With early fiber deployments in 1991, prices began to rapidly drop for lasers and by the mid-1990s, most operators were building hybrid fiber coax networks, a fundamental change in the architecture of cable systems that allowed the industry to dramatically expand capacity for many more channels and new services, such as high-speed data and telephony.
In a more formal way, CableLabs also played a key role in creating national and international standards for newer technologies.
“When cable labs was founded, everyone was going their own way and doing things in a very proprietary fashion,” said Cox Communications senior vice president and CTO Chris Bowick, who is the current chairman of CableLabs’ Technical Advisory Committee. “Each system was an island. You couldn’t easily take equipment from one system and use it on another. If things had gone on that way, there is no doubt the industry would be in a hell of a mess today.”

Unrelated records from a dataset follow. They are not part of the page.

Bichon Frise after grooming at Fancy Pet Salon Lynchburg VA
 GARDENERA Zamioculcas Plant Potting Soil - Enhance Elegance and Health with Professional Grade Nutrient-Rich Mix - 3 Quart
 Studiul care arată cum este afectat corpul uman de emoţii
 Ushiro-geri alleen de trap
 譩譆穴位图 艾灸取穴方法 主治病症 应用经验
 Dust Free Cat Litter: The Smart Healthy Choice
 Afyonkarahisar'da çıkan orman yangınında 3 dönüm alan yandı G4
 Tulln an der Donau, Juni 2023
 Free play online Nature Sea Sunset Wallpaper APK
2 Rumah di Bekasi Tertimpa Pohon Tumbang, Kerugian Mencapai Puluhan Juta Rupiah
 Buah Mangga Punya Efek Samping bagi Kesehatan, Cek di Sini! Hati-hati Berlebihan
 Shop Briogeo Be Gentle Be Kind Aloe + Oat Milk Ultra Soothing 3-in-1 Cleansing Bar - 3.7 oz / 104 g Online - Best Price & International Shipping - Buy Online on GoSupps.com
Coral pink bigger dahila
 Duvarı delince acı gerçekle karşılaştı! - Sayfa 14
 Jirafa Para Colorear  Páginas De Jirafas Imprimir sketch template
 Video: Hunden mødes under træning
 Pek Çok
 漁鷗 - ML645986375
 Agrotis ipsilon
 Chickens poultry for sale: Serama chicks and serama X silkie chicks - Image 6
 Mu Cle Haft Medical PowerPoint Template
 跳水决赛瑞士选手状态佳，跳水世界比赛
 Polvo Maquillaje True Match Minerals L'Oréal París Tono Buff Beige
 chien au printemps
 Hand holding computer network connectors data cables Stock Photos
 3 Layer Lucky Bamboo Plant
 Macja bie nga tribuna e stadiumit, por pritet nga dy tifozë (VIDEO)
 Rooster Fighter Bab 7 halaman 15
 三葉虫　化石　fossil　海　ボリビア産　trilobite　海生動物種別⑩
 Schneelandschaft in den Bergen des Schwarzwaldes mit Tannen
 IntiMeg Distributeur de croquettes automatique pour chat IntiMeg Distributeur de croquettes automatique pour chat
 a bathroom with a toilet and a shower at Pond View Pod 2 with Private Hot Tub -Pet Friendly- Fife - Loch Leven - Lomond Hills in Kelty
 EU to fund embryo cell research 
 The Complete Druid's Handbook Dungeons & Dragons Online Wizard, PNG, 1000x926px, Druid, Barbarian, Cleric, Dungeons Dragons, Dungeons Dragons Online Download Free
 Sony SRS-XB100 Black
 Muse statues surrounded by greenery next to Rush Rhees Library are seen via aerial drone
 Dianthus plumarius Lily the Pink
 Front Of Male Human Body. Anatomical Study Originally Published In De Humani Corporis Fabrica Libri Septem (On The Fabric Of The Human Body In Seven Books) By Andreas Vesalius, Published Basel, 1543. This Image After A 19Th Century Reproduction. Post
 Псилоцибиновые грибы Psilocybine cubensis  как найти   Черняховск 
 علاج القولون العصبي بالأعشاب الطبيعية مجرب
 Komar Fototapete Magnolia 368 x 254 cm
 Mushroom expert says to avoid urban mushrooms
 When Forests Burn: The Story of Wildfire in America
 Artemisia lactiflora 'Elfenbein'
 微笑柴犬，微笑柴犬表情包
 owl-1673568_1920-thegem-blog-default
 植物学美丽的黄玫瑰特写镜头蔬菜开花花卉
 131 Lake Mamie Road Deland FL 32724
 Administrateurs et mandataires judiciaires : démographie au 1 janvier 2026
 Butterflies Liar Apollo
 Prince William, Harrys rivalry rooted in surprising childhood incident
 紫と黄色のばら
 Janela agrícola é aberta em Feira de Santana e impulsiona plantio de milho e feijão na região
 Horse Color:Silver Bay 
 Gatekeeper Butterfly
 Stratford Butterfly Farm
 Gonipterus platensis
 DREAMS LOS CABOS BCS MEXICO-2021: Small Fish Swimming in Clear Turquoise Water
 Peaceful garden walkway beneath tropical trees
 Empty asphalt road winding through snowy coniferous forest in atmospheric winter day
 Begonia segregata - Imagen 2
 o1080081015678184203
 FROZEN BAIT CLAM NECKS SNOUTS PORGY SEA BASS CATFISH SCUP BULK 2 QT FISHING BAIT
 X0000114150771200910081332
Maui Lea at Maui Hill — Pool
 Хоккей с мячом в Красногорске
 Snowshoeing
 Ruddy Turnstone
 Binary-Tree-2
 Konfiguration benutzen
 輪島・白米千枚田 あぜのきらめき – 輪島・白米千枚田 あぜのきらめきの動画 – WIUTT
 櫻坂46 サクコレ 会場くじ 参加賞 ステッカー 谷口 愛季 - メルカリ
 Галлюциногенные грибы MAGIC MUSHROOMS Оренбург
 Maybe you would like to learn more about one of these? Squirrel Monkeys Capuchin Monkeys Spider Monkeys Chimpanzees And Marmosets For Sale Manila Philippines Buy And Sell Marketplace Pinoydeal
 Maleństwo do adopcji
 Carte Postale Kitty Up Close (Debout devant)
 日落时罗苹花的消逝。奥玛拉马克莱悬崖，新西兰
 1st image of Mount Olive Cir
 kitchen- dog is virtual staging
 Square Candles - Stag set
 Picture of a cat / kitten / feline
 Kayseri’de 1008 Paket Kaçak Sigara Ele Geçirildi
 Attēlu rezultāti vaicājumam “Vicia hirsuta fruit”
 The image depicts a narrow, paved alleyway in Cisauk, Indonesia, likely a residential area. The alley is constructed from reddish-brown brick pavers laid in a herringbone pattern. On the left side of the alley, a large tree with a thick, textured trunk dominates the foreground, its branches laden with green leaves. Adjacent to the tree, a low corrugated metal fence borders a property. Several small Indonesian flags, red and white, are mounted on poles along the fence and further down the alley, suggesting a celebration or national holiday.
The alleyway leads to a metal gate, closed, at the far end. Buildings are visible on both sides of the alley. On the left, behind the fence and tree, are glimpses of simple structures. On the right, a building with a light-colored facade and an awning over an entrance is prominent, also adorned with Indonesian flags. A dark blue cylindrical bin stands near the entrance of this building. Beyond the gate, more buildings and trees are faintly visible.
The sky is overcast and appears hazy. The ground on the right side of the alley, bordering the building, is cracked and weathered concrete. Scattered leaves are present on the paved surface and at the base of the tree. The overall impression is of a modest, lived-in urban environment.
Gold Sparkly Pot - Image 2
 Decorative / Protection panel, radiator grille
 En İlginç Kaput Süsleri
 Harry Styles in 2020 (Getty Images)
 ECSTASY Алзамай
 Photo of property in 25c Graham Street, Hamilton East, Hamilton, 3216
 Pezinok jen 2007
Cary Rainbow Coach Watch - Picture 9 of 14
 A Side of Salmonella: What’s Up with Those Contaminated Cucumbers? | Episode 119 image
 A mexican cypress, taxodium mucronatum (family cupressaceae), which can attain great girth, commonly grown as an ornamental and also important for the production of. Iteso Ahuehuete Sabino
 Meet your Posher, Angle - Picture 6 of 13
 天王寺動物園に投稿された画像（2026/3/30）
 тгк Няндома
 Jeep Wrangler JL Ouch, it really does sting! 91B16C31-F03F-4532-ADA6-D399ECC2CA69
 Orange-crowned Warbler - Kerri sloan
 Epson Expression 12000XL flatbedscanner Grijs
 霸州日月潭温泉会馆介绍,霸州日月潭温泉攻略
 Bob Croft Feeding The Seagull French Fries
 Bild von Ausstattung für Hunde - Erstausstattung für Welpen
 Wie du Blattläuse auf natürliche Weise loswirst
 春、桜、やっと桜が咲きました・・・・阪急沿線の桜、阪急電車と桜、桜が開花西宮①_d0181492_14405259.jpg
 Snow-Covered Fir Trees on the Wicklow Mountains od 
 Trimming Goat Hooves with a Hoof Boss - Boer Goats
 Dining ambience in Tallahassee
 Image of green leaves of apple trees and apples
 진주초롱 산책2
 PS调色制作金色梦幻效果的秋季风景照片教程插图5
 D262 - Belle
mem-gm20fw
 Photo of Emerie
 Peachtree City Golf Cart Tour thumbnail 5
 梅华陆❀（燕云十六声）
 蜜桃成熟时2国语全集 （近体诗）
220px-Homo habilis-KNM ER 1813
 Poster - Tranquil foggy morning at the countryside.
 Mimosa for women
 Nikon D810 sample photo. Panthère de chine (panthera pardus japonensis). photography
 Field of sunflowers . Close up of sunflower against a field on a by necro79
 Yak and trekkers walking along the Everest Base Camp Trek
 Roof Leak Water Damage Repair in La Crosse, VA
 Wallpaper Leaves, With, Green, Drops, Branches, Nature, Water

Leghorn, Malone and the others believed CableLabs would help the industry break out of this technological cul de sac by developing industrywide standards. “The first cable modems cost something like $200 and Broadcom had a hammer lock on the technology,” Malone said. “[Green] was able to define the standards in such a way that others could compete and really drive down the price dramatically.”
But getting the industry firmly behind the idea of using national and international standards would take time, even with DOCSIS, which is often cited as CableLabs’s greatest achievement.
Early on, CableLabs’s executive committee backed the idea of creating an industrywide standard for cable modems but even after the creation of the DOCSIS specifications some vendors continued to push their proprietary standards.
“CableLabs has worked on standards for HDTV and MPEG, but when we issued DOCSIS 1.0 it received a lukewarm reception partly because it was the first time CableLabs had done a major specification in a new technology,” Green said. “There were manufacturers who continued with their proprietary product, making the assumption that DOCSIS wouldn’t get off the ground. So you wound up with many more proprietary modems being deployed than DOCSIS modems.”
Over time, however, the creation of an international standard for DOCSIS and other technologies drove down prices of cable modems and other gear. “You can purchase a digital set-top box today for $30 that is equivalent with what we started with at $300,” Malone said.
Seeing those savings and the success of the high-speed data product, operators have since enthusiastically backed the creation of international standards such as PacketCable telephony standards and other technologies.
“As we migrated from analog to digital, it has been critical that we were able to leverage an industry-wide footprint for new products rather than being tied to a proprietary solution from one or two vendors,” said Mike Hayashi, executive vice president of advanced engineering within the advanced technology group at Time Warner Cable. “If we had two different [quadrature amplitude modulation] standards out there, which could have happened without CableLabs, we would never have had DOCSIS.”